The gross composition of the oral microflora can remain relatively stable over time at individual sites, especially when analyzed at the genus or species level. Ribotyping (Ch. 3) can discriminate among strains within a species on the basis of genetic variation, thereby allowing specific clonal types to be recognised. Relatively few clones are found within species of pathogenic bacteria, and a limited number of these may be responsible for the majority of infections. In contrast, species that comprise the resident human microflora generally display large numbers of clones, and this may be a strategy to help such species evade the host defences. Clones of some species appear to persist for long periods at a site whereas others appear to be transient, and undergo replacement by fresh clones. For example, clonal replacement appears to maintain S. mitis biovar 1 in the mouth of neonates; 93 clonal types were detected among 101 strains of S. mitis colonizing 40 infants over a one month period. The clonal types that could be isolated were found to vary at different sampling times, suggesting that individual clones did not persist and were replaced by new clones. In a further study of the clonal diversity of S. mitis biovar 1, limited sharing of genotypes was found among three members of a particular family, and each individual carried between 6 and 13 types. Differences were also found between isolates recovered from the pharyngeal and buccal mucosa of the same individual. The reasons for, and the mechanisms involved in, the persistence of certain clones of some species but the continual turnover of clones of other species is not yet understood. It may be that the niche (function) occupied by these clonal types is similar, but that turnover may represent a longer-term survival strategy. Wide variations in the expression of carbohydrate and protein antigens have been found among the different genotypes of S. mitis biovar 1 from the family group, suggesting that this ‘turnover’ might play a role as an ‘immune-evasion’ mechanism for this species.

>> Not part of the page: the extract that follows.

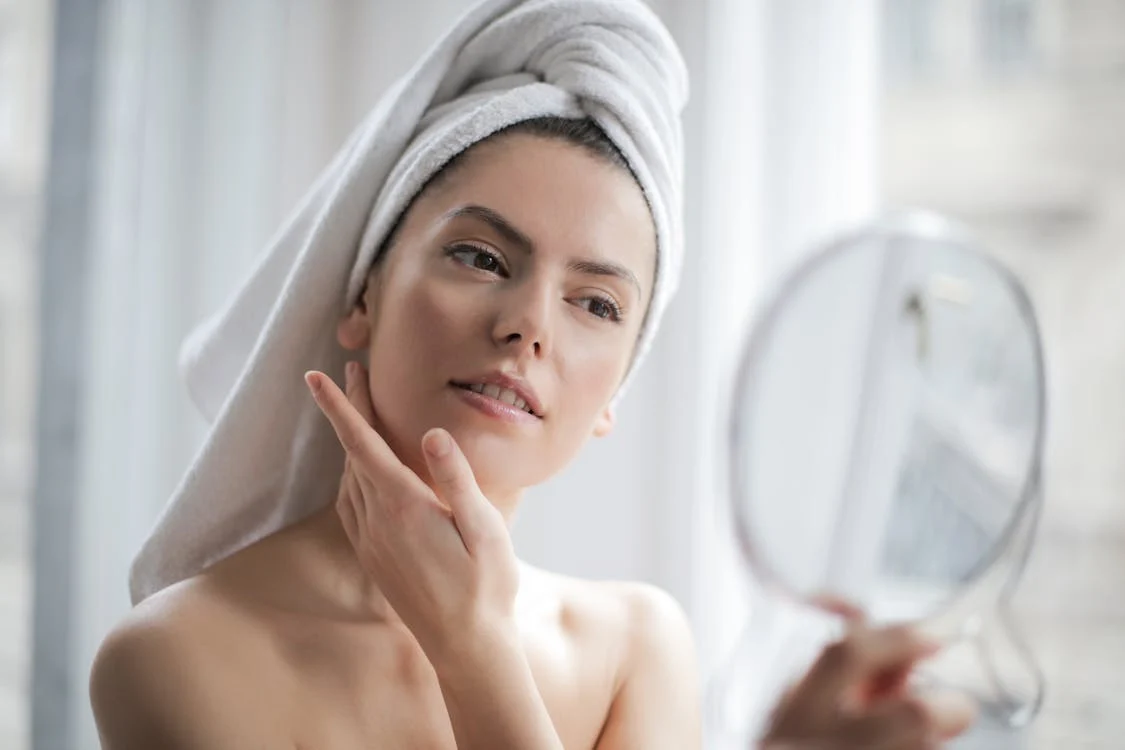femme regardant son visage dans le miroir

In contrast to the situation for S. mitis, a particular clone of Aggregatibacter actinomycetemcomitans has been implicated in an aggressive form of periodontitis in young adults (Ch. 6). The JP2 clone has a 530 base pair deletion in the promoter region of the leukotoxin gene operon, resulting in increased production of the leukotoxin. Adolescents harbouring this clone are more likely to suffer loss of attachment between the tooth and the periodontium than those who have non-JP2 types. In the future, the ability to recognise virulent clones of an organism may result in the better diagnosis and prediction of sites/individuals at risk of disease.

SUMMARY

The mouth is usually sterile at birth. The acquisition of the normal oral microflora follows a specific ecological progression from a small number of pioneer species, especially S. salivarius, S. mitis and S. oralis, to a diverse climax community containing many obligately anaerobic and nutritionally-fastidious bacteria. This development involves both allogenic and autogenic succession; in allogenic succession, community development is influenced by non-microbial factors while microbial factors are responsible for autogenic succession. There is a dynamic relationship between the host, the environment and the resident microflora.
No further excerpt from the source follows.